As a mother of two college students, two high school students, and one preteen, I read the detransitioner’s stories with a tender heart. I wanted to have them over for one of our college student dinners, have them sing a hymn with us, participate in our lively conversations and debates, and get a taste of what the air is like when people are forgiven and free in Christ. I desperately want them to know there is a path forward for them—one paved by Christ. 

But my concern is that, even as Christians, we will not afford them this needed grace—not because we are transphobic, but because we will see no need for a victim to receive forgiveness. This is a truth that our society cannot stomach—for all its hatred of the binary, it loves this one: you can be only victim or only villain.

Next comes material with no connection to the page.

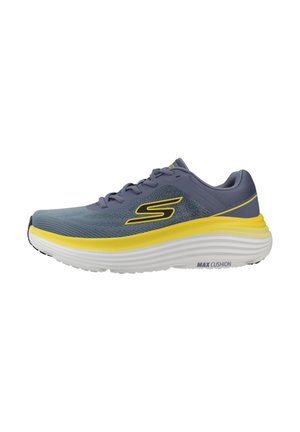 Zapatilla de correr para hombre de Skechers en gris y amarillo con suela blanca gruesa y marca "Max Cushion" en el lateral de la suela.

But the Scripture tells us a more complicated story about mankind. We can be both. There are gradations of culpability—a doctor who pushes a harmful surgery that will irreversibly damage a young person and does so for profit is culpable to the highest degree, a parent who is threatened and manipulated to acquiesce to someone harming their child is a lower degree of culpable, a teenager who insists on getting the harmful surgery is still a lesser degree. But to deny any culpability for the victims is also to deny the possibility of much-needed forgiveness. 

In full disclosure, my childhood and teenage years seem miles apart from the stories told in Detrans, but upon further inspection, the childhoods of Gen Xers and Millennials (I border the two generations) were just precursors to the difficult ones described in this book. I may not have known girls who transitioned to be boys with hormones and surgery, but I did know a girl in Spanish class who got an abortion, and I certainly knew girls whose parents or school counselor got them on chemical hormones for any number of reasons. I may not relate to the way modern parents give their kids over to their smartphones and the degeneracy there, but I did know plenty of latchkey kids whose unsupervised teenage years morphed into alcoholism and addiction. Broken and lost young people are not a new phenomenon, nor are neglectful and unhappy parents—and the sins of past generations are not small potatoes compared to the new forms of dreadfulness. 

But my parents did something a little radical for 1996—they took me out of the public high school to homeschool me with Christian curriculum. I was the only homeschool student in my church and my whole town (until the next year when another joined the ranks)! My parents could see how bad things were even then, and they did something about it. My life was profoundly shaped by taking away the bad influences from public school at a critical point of life and supplying life-giving influences in my education.

One of the strengths of Olohan’s Detrans is that she lets the stories speak for themselves. She refrains from solving the problems with her opinions and only comments with relevant information to better fill in the broader story of the growth and consequences of gender ideology. So, in the absence of her providing us a society-wide solution, I venture this for Christians: it is well past time to make radical counter-cultural decisions for ourselves and our children. We will have no healthy homes and life-giving tables to welcome the detransitioners to if we don’t start building every aspect of our lives—education, work, home, recreation, church, community––on the rock of Christ and his radical forgiveness of sinners by his shed blood. 

It’s on this foundation of forgiveness that we can build growing pockets of counter-culture where it’s normal to not have a smartphone until you’re older, it’s normal to be a teenager and not care about Social Media, it’s normal to hate porn, it’s normal to obey your parents and love your siblings, it’s normal for dad to love mom and mom to respect dad, it’s normal to receive the Word and worship on the Lord’s day, it’s normal to do good work, it’s normal to desire marriage and kids, it’s normal forsake sin and turn to Jesus. It isn’t enough for Christians to offer detransitioners the consolation of sympathy for what’s happened to them. We can give them a real life-giving culture founded on Christ in place of the cult of gender ideology.